_DATA EXCERPTS_.
.....
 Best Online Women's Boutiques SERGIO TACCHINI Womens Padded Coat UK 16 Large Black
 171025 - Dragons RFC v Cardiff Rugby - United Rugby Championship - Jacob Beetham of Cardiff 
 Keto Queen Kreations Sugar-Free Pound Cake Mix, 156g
.....
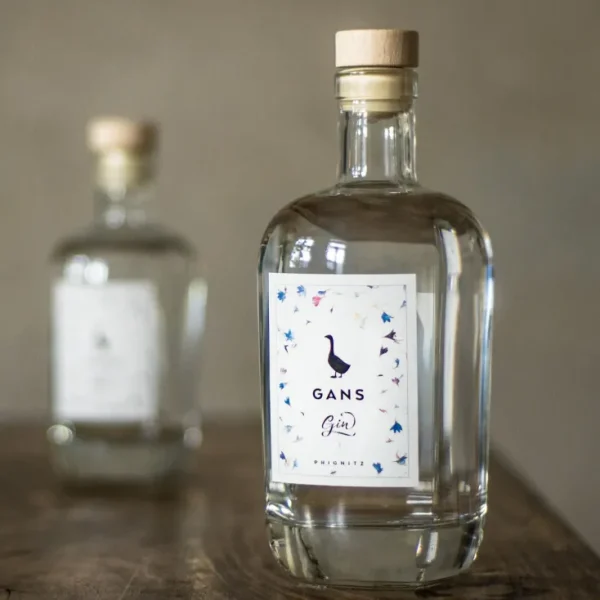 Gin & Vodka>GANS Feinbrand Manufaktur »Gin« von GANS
.....
_YOUR INSTRUCTIONS_. From the listing above, return the lines starting at the one with "Best Online Women's" and ending at the one with "Keto Queen Kreations", both kept, exactly as they appear and nothing more.

_TASK OUTPUT_.
 Best Online Women's Boutiques SERGIO TACCHINI Womens Padded Coat UK 16 Large Black
 171025 - Dragons RFC v Cardiff Rugby - United Rugby Championship - Jacob Beetham of Cardiff 
 Keto Queen Kreations Sugar-Free Pound Cake Mix, 156g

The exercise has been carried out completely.